From mboxrd@z Thu Jan  1 00:00:00 1970
Return-Path: <owner-linux-mm@kvack.org>
Date: Mon, 30 Oct 2017 09:38:07 +0100
From: Jan Kara <jack@suse.cz>
Subject: Re: [PATCH v3 00/13] dax: fix dma vs truncate and remove 'page-less'
 support
Message-ID: <20171030083807.GA23278@quack2.suse.cz>
References: <150846713528.24336.4459262264611579791.stgit@dwillia2-desk3.amr.corp.intel.com>
 <20171020074750.GA13568@lst.de>
 <20171020093148.GA20304@lst.de>
 <20171026105850.GA31161@quack2.suse.cz>
 <CAA9_cmeiT2CU8Nue-HMCv+AyuDmSzXoCVxD1bebt2+cBDRTWog@mail.gmail.com>
 <20171030020023.GG3666@dastard>
MIME-Version: 1.0
Content-Type: text/plain; charset=us-ascii
Content-Disposition: inline
In-Reply-To: <20171030020023.GG3666@dastard>
Sender: owner-linux-mm@kvack.org
To: Dave Chinner <david@fromorbit.com>
Cc: Dan Williams <dan.j.williams@gmail.com>, Jan Kara <jack@suse.cz>, Christoph Hellwig <hch@lst.de>, Michal Hocko <mhocko@suse.com>, Benjamin Herrenschmidt <benh@kernel.crashing.org>, Dave Hansen <dave.hansen@linux.intel.com>, Heiko Carstens <heiko.carstens@de.ibm.com>, "J. Bruce Fields" <bfields@fieldses.org>, linux-mm <linux-mm@kvack.org>, Paul Mackerras <paulus@samba.org>, Sean Hefty <sean.hefty@intel.com>, Jeff Layton <jlayton@poochiereds.net>, Matthew Wilcox <mawilcox@microsoft.com>, linux-rdma@vger.kernel.org, Michael Ellerman <mpe@ellerman.id.au>, Jason Gunthorpe <jgunthorpe@obsidianresearch.com>, Doug Ledford <dledford@redhat.com>, Hal Rosenstock <hal.rosenstock@gmail.com>, linux-fsdevel <linux-fsdevel@vger.kernel.org>, Alexander Viro <viro@zeniv.linux.org.uk>, Gerald Schaefer <gerald.schaefer@de.ibm.com>, "linux-nvdimm@lists.01.org" <linux-nvdimm@lists.01.org>, Linux Kernel Mailing List <linux-kernel@vger.kernel.org>, linux-xfs@vger.kernel.org, Martin Schwidefsky <schwidefsky@de.ibm.com>, Andrew Morton <akpm@linux-foundation.org>, "Darrick J. Wong" <darrick.wong@oracle.com>, "Kirill A. Shutemov" <kirill.shutemov@linux.intel.com>
List-ID: <linux-nvdimm@lists.01.org>

Hi,

On Mon 30-10-17 13:00:23, Dave Chinner wrote:
> On Sun, Oct 29, 2017 at 04:46:44PM -0700, Dan Williams wrote:
> > Coming back to this since Dave has made clear that new locking to
> > coordinate get_user_pages() is a no-go.
> > 
> > We can unmap to force new get_user_pages() attempts to block on the
> > per-fs mmap lock, but if punch-hole finds any elevated pages it needs
> > to drop the mmap lock and wait.
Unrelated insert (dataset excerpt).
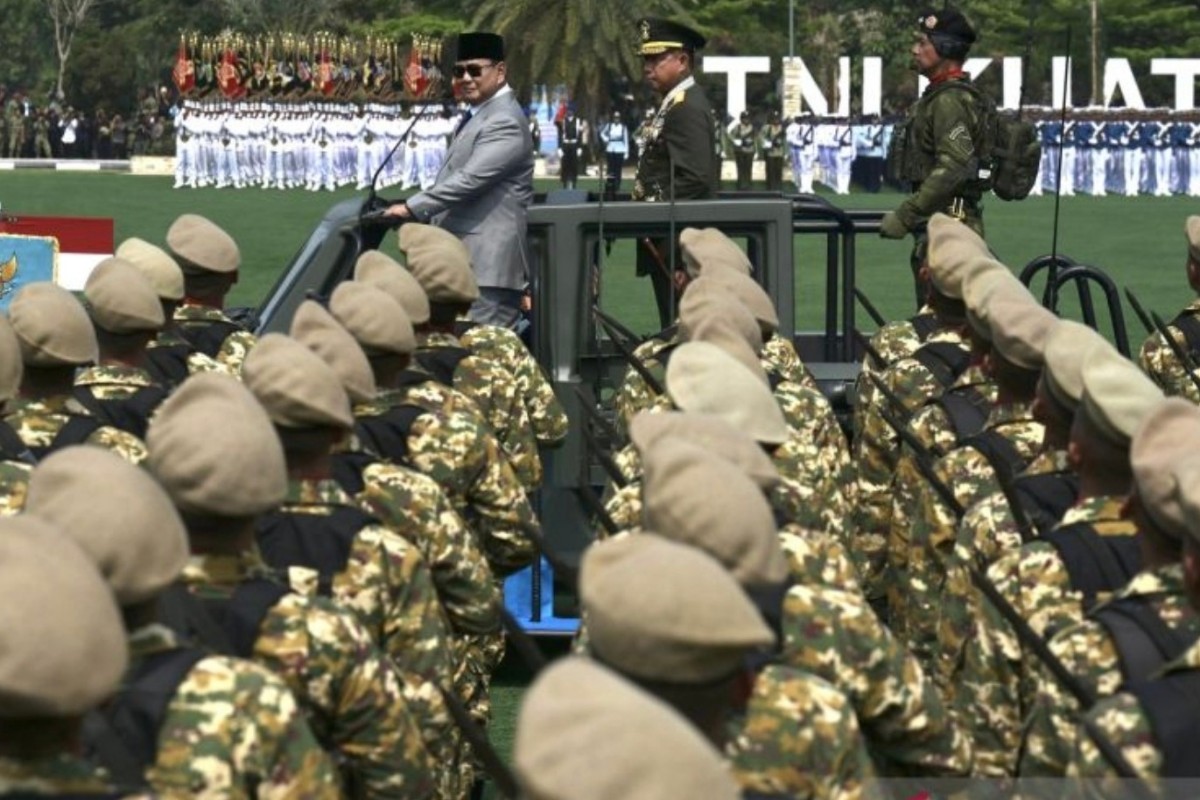 Prabowo Minta TNI Utamakan Prestasi, Bukan Senioritas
We need this lock dropped to get
> > around the problem that the driver will not start to drop page
> > references until it has elevated the page references on all the pages
> > in the I/O. If we need to drop the mmap lock that makes it impossible
> > to coordinate this unlock/retry loop within truncate_inode_pages_range
> > which would otherwise be the natural place to land this code.
> > 
> > Would it be palatable to unmap and drain dma in any path that needs to
> > detach blocks from an inode? Something like the following that builds
> > on dax_wait_dma() tried to achieve, but does not introduce a new lock
> > for the fs to manage:
> > 
> > retry:
> >     per_fs_mmap_lock(inode);
> >     unmap_mapping_range(mapping, start, end); /* new page references
> > cannot be established */
> >     if ((dax_page = dax_dma_busy_page(mapping, start, end)) != NULL) {
> >         per_fs_mmap_unlock(inode); /* new page references can happen,
> > so we need to start over */
> >         wait_for_page_idle(dax_page);
> >         goto retry;
> >     }
> >     truncate_inode_pages_range(mapping, start, end);
> >     per_fs_mmap_unlock(inode);
> 
> These retry loops you keep proposing are just bloody horrible.  They
> are basically just a method for blocking an operation until whatever
> condition is preventing the invalidation goes away. IMO, that's an
> ugly solution no matter how much lipstick you dress it up with.
> 
> i.e. the blocking loops mean the user process is going to be blocked
> for arbitrary lengths of time. That's not a solution, it's just
> passing the buck - now the userspace developers need to work around
> truncate/hole punch being randomly blocked for arbitrary lengths of
> time.

So I see substantial difference between how you and Christoph think this
should be handled. Christoph writes in [1]:

The point is that we need to prohibit long term elevated page counts
with DAX anyway - we can't just let people grab allocated blocks forever
while ignoring file system operations.  For stage 1 we'll just need to
fail those, and in the long run they will have to use a mechanism
similar to FL_LAYOUT locks to deal with file system allocation changes.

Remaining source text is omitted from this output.